Reconheçamos que Gramática não é álgebra, onde dois mais dois são quatro; trata-se de um conjunto de normas e exceções, que exige conhecimento teórico, interpretativo, raciocínio e capacidade de aplicação. Mesmo professores e mestres divergem entre si quanto à exatidão de determinadas questões relacionadas à Língua Portuguesa, não faltando por parte de todos argumentos que defendam suas posições – questões relacionadas diretamente à Gramática, sua interpretação e aplicação.

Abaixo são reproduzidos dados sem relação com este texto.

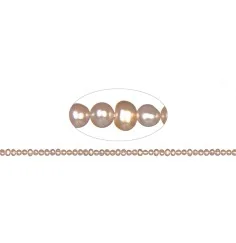 Heilstein & Edelstein-Strang - Potatoe, Süßwasser-Perle A, lila (natur), 03-04mm
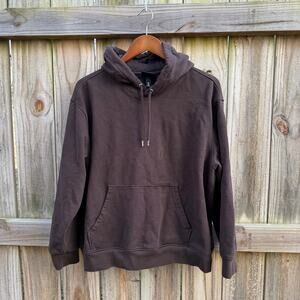 H&M Brown Cotton Hoodie Minimal Pullover Sweatshirt Size L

Nesta composição constam grifadas algumas palavras, algumas sentenças; o propósito de tal é mostrar o uso correto destes termos tidos por muitos como, “dificuldades da Língua Portuguesa”, que em verdade exigem apenas um pouco de atenção em seu emprego.
Para concluir o presente, vejamos o soneto “Língua Portuguesa”, de Olavo Bilac, que a meu ver bem se encaixa ao contexto.
“Última flor do Lácio, inculta e bela,
És, a um tempo, esplendor e sepultura:
Ouro nativo, que na ganga impura
A bruta mina entre os cascalhos vela...
Amo-te assim, desconhecida e obscura,
Tuba de alto clangor, lira singela,
Que tens o trom e o silvo da procela
E o arrolo da saudade e da ternura!
Amo o teu viço agreste e o teu aroma
De virgens selvas e de oceano largo!
Amo-te, ó rude e doloroso idioma,
Em que da voz materna ouvi: ‘meu filho!’
E em que Camões chorou, no exílio amargo,
O gênio sem ventura e o amor sem brilho!”.